Esses quatro pilares – CEBs, TdL, Pastorais Sociais e Movimentos Populares – tinham como primazia a “opção preferencial pelos pobres”. Estes últimos eram chamados a ser sujeitos e protagonistas do próprio destino, artífices das mudanças que haveriam de trazer melhorias em sua história pessoal, familiar e coletiva. Representavam verdadeiros igarapés que, no decorrer dos anos de 1970-80, convergiram para engrossar as águas de um grande rio, o qual, no bojo da travessia da ditadura para a democracia, haveria de nos levar às eleições diretas e universais. A década de 1990 e início da década de 2000, por outro lado, foram fortemente marcados pelos debates das Semanas Sociais Brasileiras, pelo Grito dos Excluídos, pela Campanha Jubileu Sul, pelo Tribunal da Dívida e pelos Plebiscitos Populares – iniciativas que mobilizaram centenas de milhares de agentes e milhões de cidadãos e cidadãs.
No centro dessa imensa rede de igarapés encontrava-se o pobre historicamente mutilado, ao lado da opção decisiva por suas penas e lutas, sinhôs e utopias. Opção que, se é verdade, ganhou vigor através do Concílio Vaticano II, também é certo que adquiriu maior especificidade e mais concretude nas Assembleias do Episcopado da América Latina e do Caribe. Igualmente ao lado do pobre, excluído, vulnerável e descartável, limitando-nos agora ao Brasil, um punhado de bispos hoje amplamente reconhecidos, pastores por excelência, e uma multidão de padres, religiosos, religiosas e agentes pastorais leigos/as conseguiram fazer com que a voz dos silenciados e silenciosos se convertesse na voz da própria Igreja. A palavra viva e a fé profética, tal qual “facas afiadas de dois gumes” (para usar uma expressão bíblica) penetraram no coração da própria CNBB. E esta, oportuna e pertinentemente, foi capaz de potencializar o profetismo individual e transformá-lo em profetismo coletivo. Convém jamais esquecer que o profetismo individual goza de maior prontidão e rapidez na denúncia, enquanto o profetismo de instituição tende a chegar atrasado, devido às instâncias burocráticas envolvidas.

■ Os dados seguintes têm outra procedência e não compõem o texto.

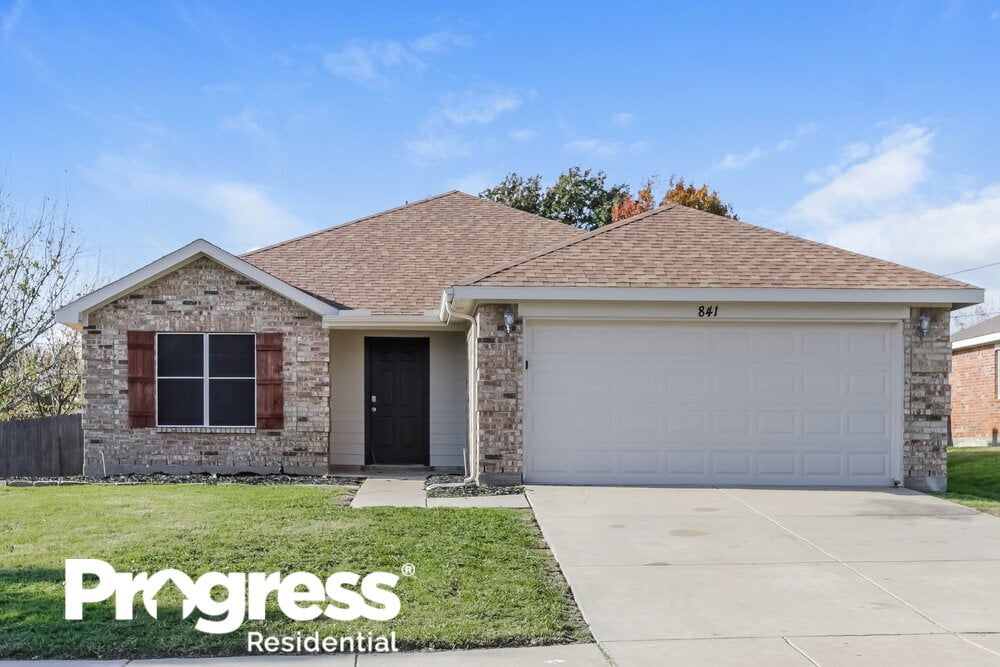 841 Beaver Creek Dr in Burleson, TX - Building Photo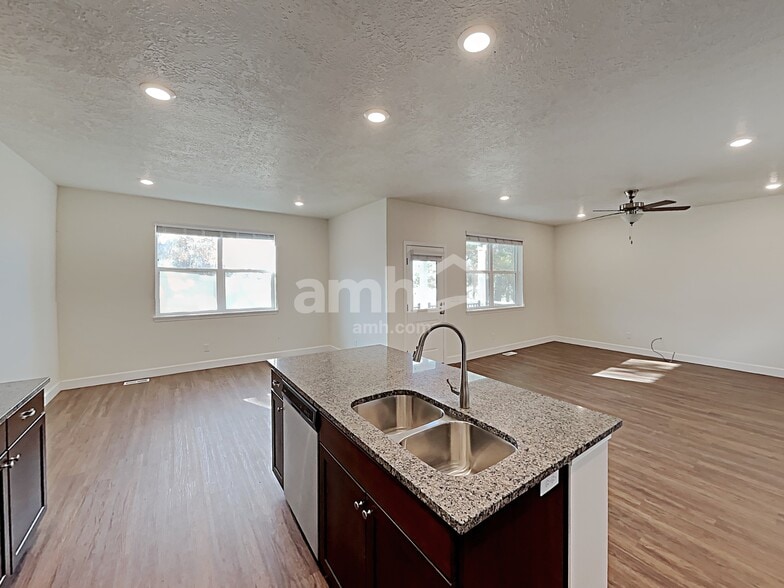 Building Photo - 2992 E S Village Dr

Bastaria trazer aqui dois desses documentos que fizeram história e tornaram-se referência para a prática e a teoria dos cristãos brasileiros: “Eu ouvi os clamores do meu povo”, texto publicado em 1973 pelos bispos do Nordeste, anos de plena ditadura militar, que além de marcar época, desencadeou atitudes de perseguição por parte do governo. Também foi tido como marco referencial, seja para outros regionais da CNBB, seja para a própria Conferência Episcopal; no mesmo ano e mesmo contexto político de 1973, por ocasião do Natal, um grupo de bispos e missionários elaborou uma espécie de documento/manifesto de urgência como o título “Y Juca Pirama. O índio: aquele que deve morrer”. Como podemos notar, até os dias de hoje, a situação dos povos indígenas segue extremamente precária, para não falar de outros rostos visíveis ou invisíveis. Ponto final: por que, hoje, falar de CEBs, TdL, Pastorais Sociais e Movimentos Populares faz arrepiar boa parte dos católicos e/ou cristãos?